* YOUR GOAL:
Restate every line of the data word for word, except for the images.

+ + + +

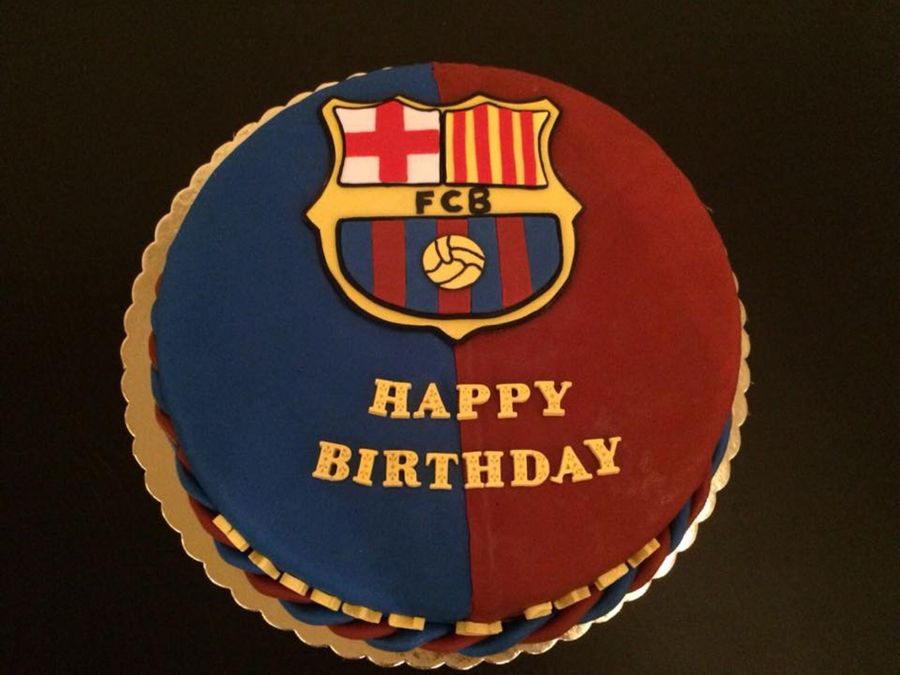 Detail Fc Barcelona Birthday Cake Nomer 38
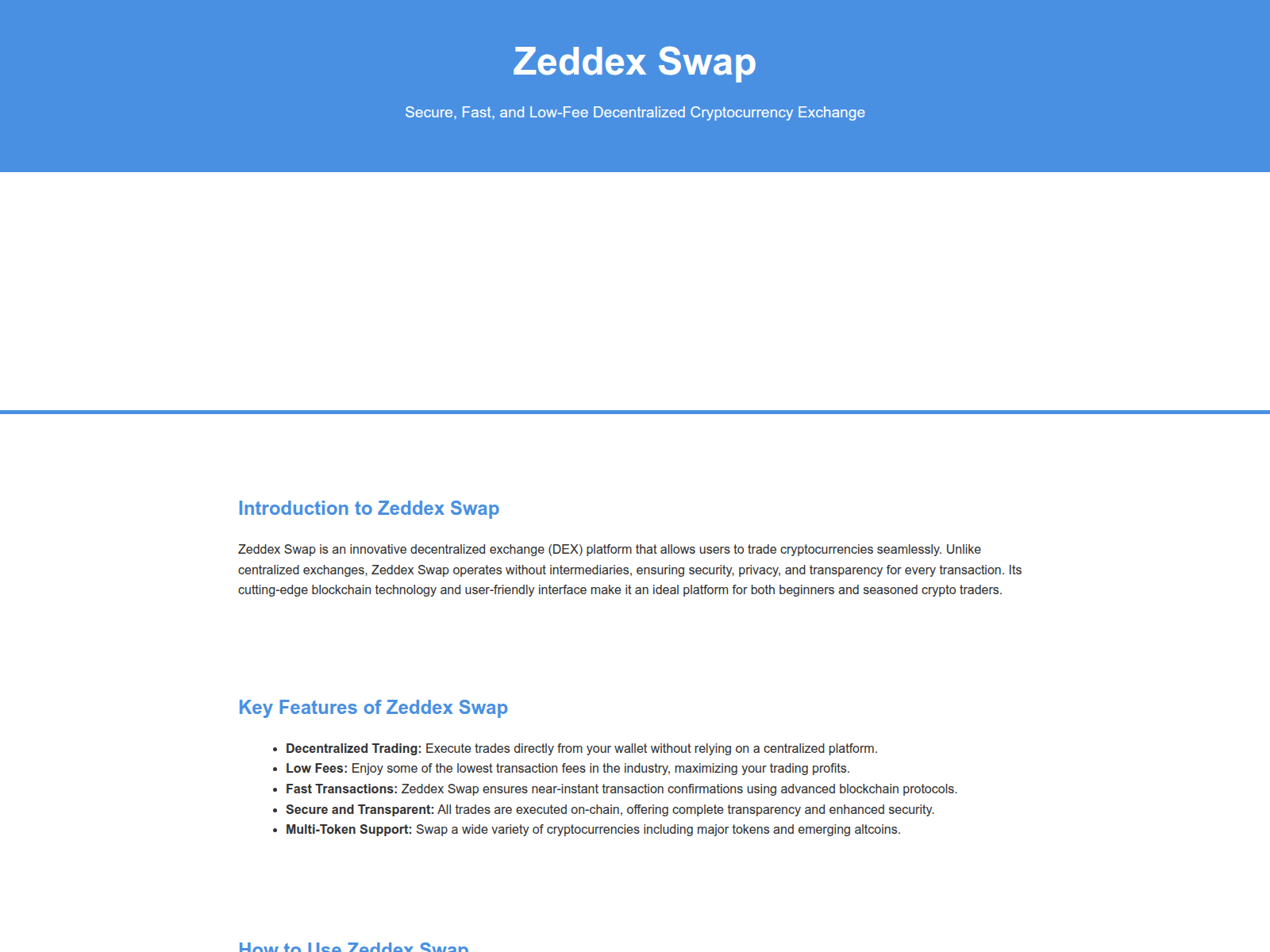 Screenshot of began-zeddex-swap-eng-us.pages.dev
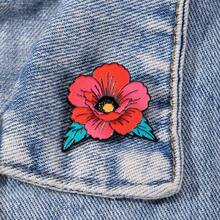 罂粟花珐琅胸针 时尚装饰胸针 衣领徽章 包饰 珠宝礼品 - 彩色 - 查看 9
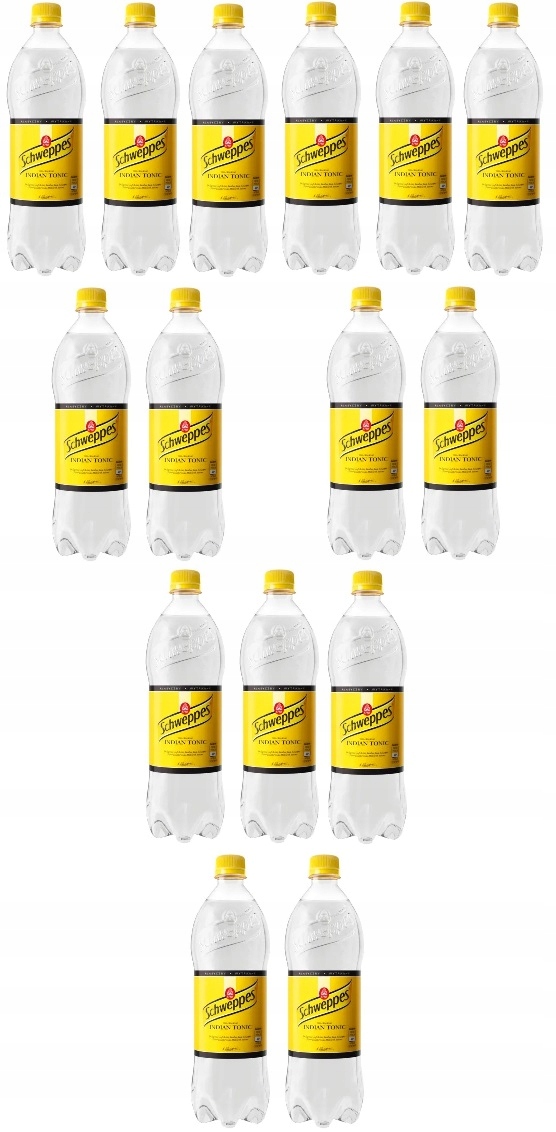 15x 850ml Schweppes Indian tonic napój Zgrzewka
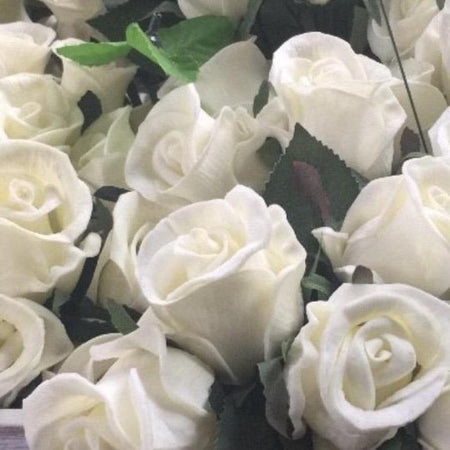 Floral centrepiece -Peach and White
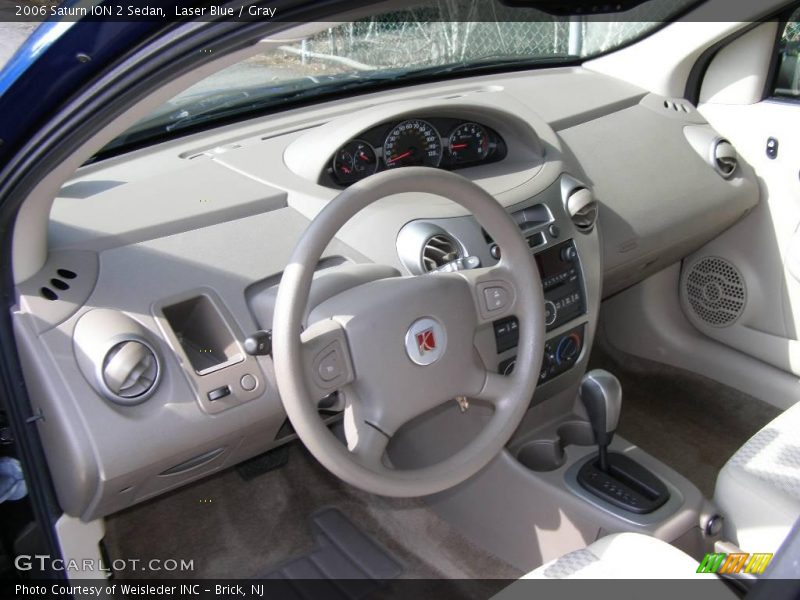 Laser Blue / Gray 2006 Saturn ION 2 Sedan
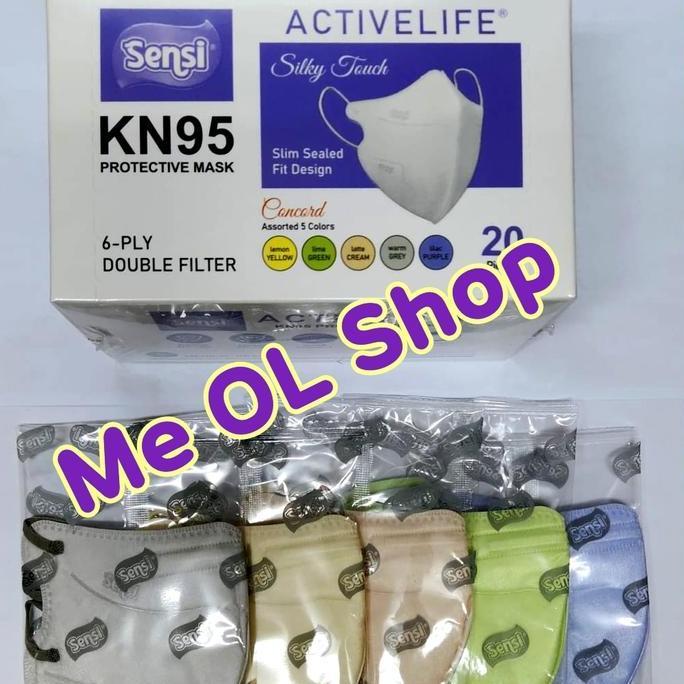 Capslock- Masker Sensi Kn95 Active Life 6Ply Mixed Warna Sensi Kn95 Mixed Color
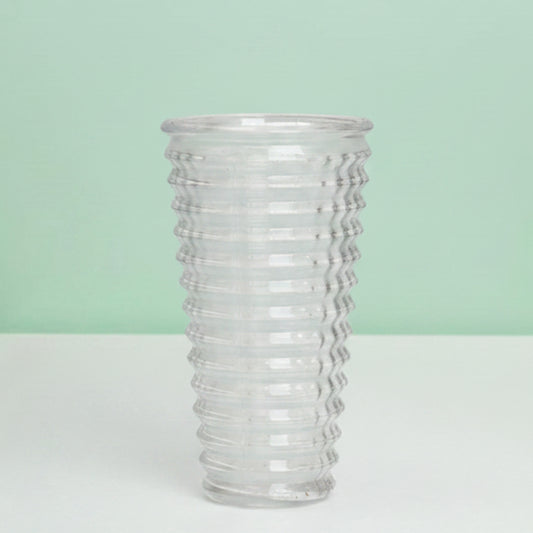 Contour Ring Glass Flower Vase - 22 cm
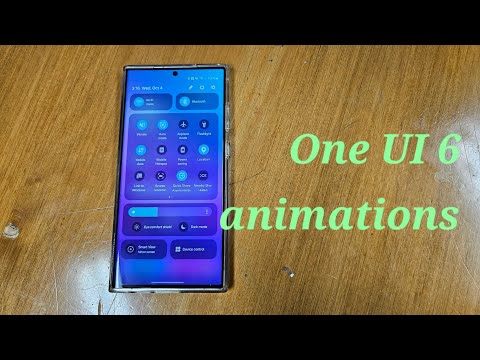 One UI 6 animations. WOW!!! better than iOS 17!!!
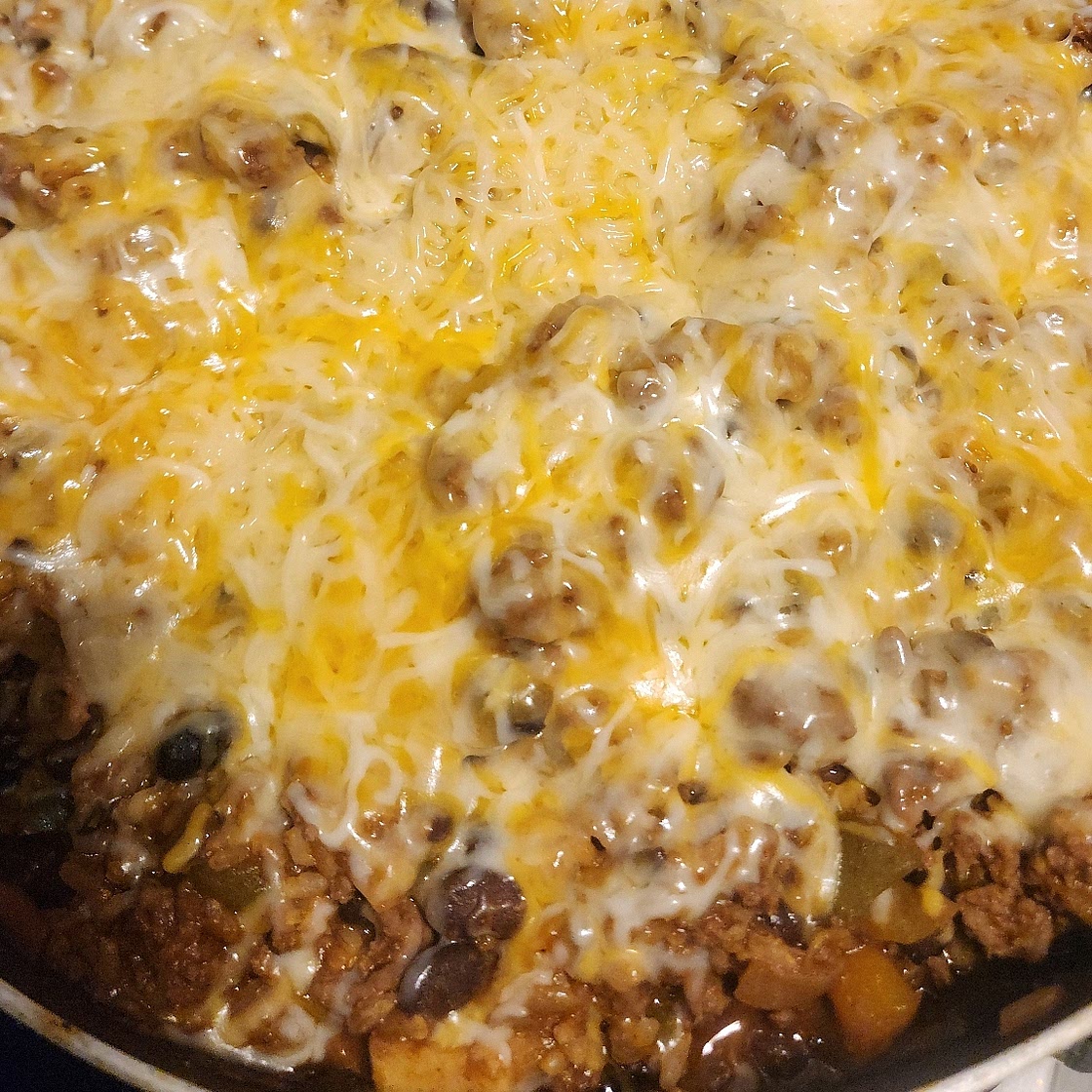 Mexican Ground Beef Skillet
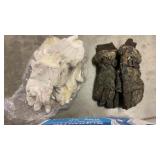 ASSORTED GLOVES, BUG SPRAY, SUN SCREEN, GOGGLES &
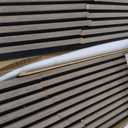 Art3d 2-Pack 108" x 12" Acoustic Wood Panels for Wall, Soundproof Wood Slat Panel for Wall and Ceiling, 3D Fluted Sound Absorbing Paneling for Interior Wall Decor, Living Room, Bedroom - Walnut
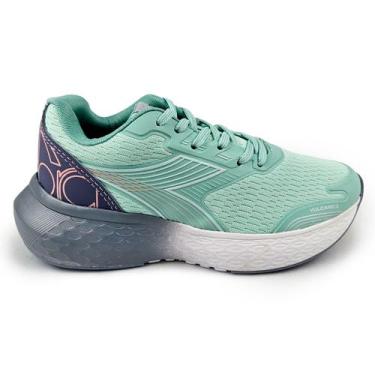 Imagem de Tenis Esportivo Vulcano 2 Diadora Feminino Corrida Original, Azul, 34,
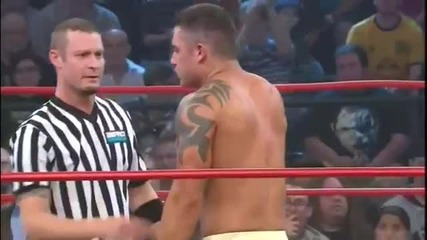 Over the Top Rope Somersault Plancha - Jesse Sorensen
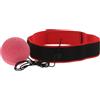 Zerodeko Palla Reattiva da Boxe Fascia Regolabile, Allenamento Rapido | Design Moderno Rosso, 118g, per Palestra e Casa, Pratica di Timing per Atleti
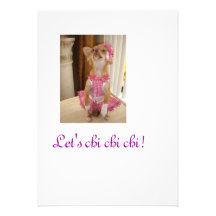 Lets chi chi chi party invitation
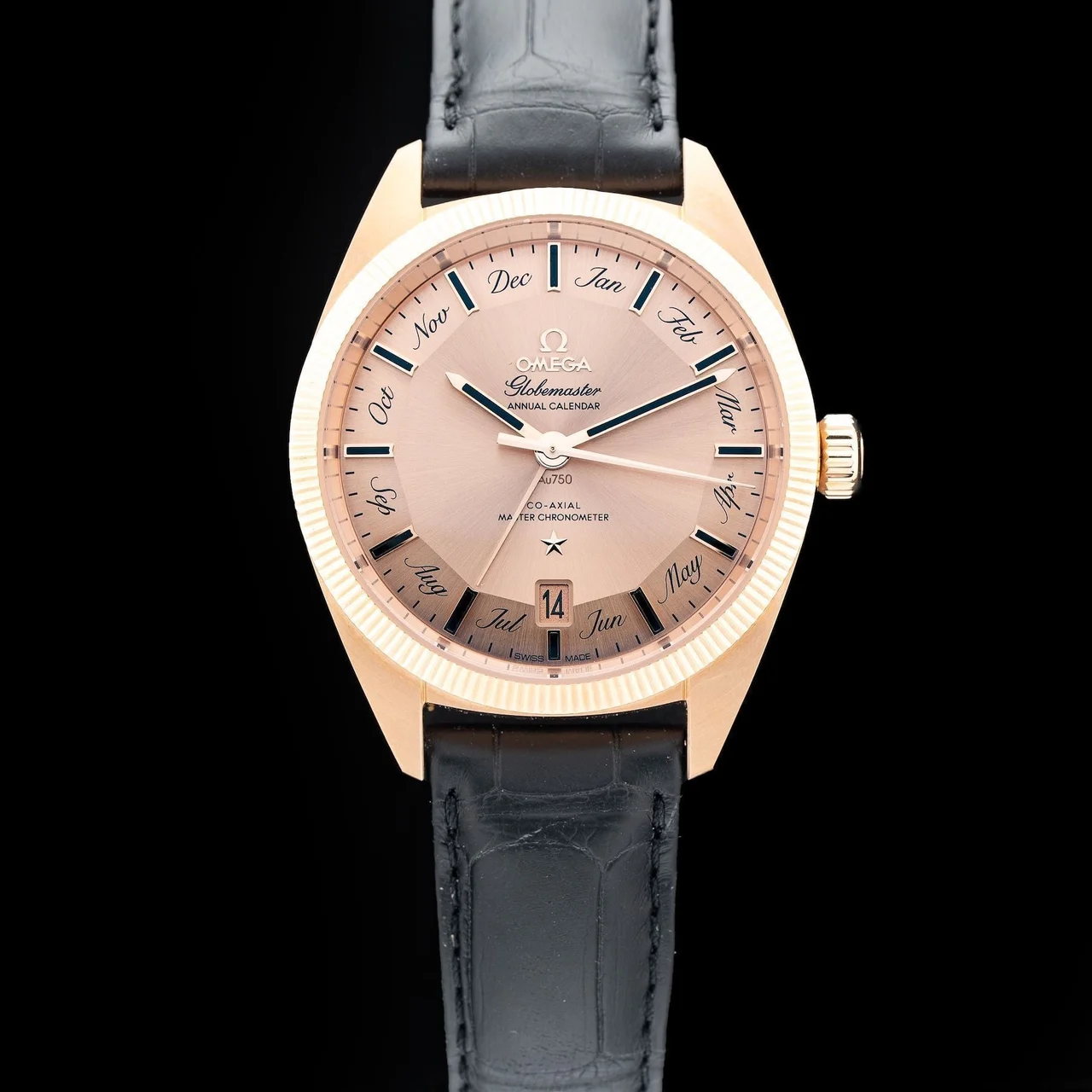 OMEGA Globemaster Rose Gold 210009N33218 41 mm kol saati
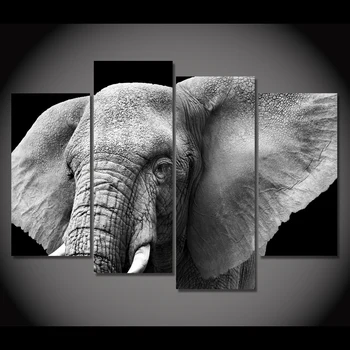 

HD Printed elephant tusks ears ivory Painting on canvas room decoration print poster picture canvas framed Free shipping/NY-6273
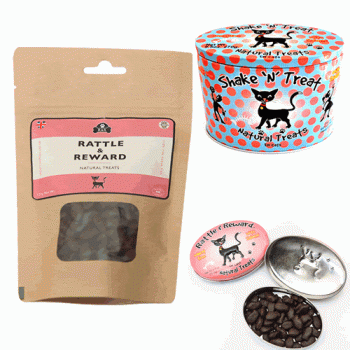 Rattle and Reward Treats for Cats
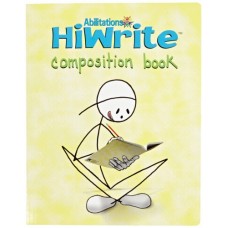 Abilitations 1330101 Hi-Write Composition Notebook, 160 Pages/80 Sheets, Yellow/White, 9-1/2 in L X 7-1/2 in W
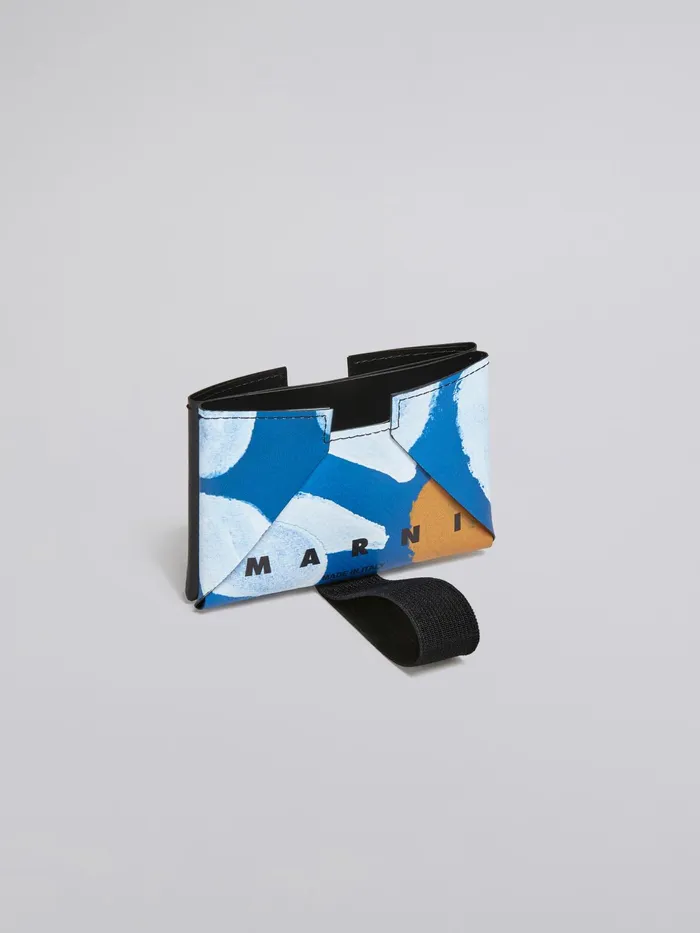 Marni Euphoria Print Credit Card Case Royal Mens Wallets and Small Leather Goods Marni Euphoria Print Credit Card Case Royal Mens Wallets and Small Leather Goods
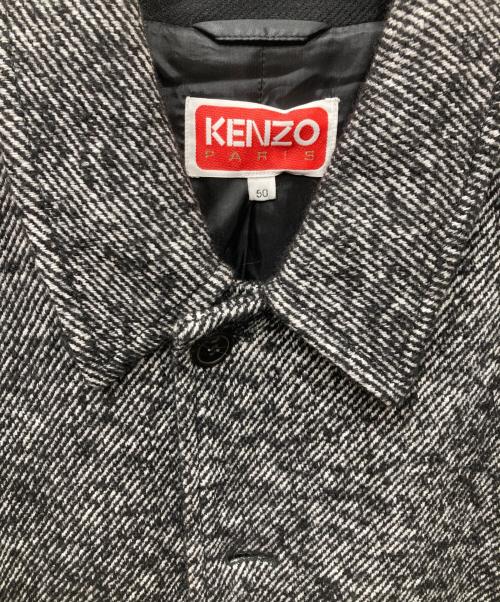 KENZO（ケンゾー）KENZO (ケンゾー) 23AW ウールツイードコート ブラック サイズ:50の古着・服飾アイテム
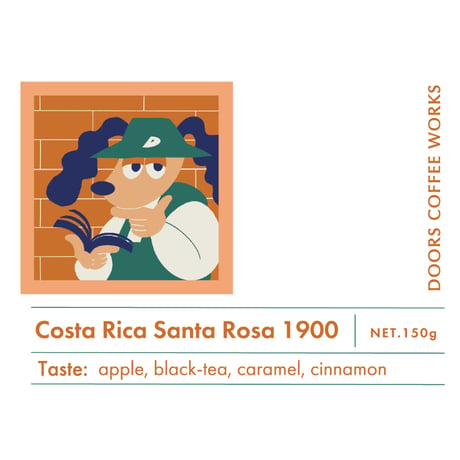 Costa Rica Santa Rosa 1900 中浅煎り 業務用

+ + + +

* EXERCISE ANSWER:
 Detail Fc Barcelona Birthday Cake Nomer 38
 Screenshot of began-zeddex-swap-eng-us.pages.dev
 罂粟花珐琅胸针 时尚装饰胸针 衣领徽章 包饰 珠宝礼品 - 彩色 - 查看 9
 15x 850ml Schweppes Indian tonic napój Zgrzewka
 Floral centrepiece -Peach and White
 Laser Blue / Gray 2006 Saturn ION 2 Sedan
 Capslock- Masker Sensi Kn95 Active Life 6Ply Mixed Warna Sensi Kn95 Mixed Color
 Contour Ring Glass Flower Vase - 22 cm
 One UI 6 animations. WOW!!! better than iOS 17!!!
 Mexican Ground Beef Skillet
 ASSORTED GLOVES, BUG SPRAY, SUN SCREEN, GOGGLES &
 Art3d 2-Pack 108" x 12" Acoustic Wood Panels for Wall, Soundproof Wood Slat Panel for Wall and Ceiling, 3D Fluted Sound Absorbing Paneling for Interior Wall Decor, Living Room, Bedroom - Walnut
 Imagem de Tenis Esportivo Vulcano 2 Diadora Feminino Corrida Original, Azul, 34,
 Over the Top Rope Somersault Plancha - Jesse Sorensen
 Zerodeko Palla Reattiva da Boxe Fascia Regolabile, Allenamento Rapido | Design Moderno Rosso, 118g, per Palestra e Casa, Pratica di Timing per Atleti
 Lets chi chi chi party invitation
 OMEGA Globemaster Rose Gold 210009N33218 41 mm kol saati

HD Printed elephant tusks ears ivory Painting on canvas room decoration print poster picture canvas framed Free shipping/NY-6273
 Rattle and Reward Treats for Cats
 Abilitations 1330101 Hi-Write Composition Notebook, 160 Pages/80 Sheets, Yellow/White, 9-1/2 in L X 7-1/2 in W
 Marni Euphoria Print Credit Card Case Royal Mens Wallets and Small Leather Goods Marni Euphoria Print Credit Card Case Royal Mens Wallets and Small Leather Goods
 KENZO（ケンゾー）KENZO (ケンゾー) 23AW ウールツイードコート ブラック サイズ:50の古着・服飾アイテム
 Costa Rica Santa Rosa 1900 中浅煎り 業務用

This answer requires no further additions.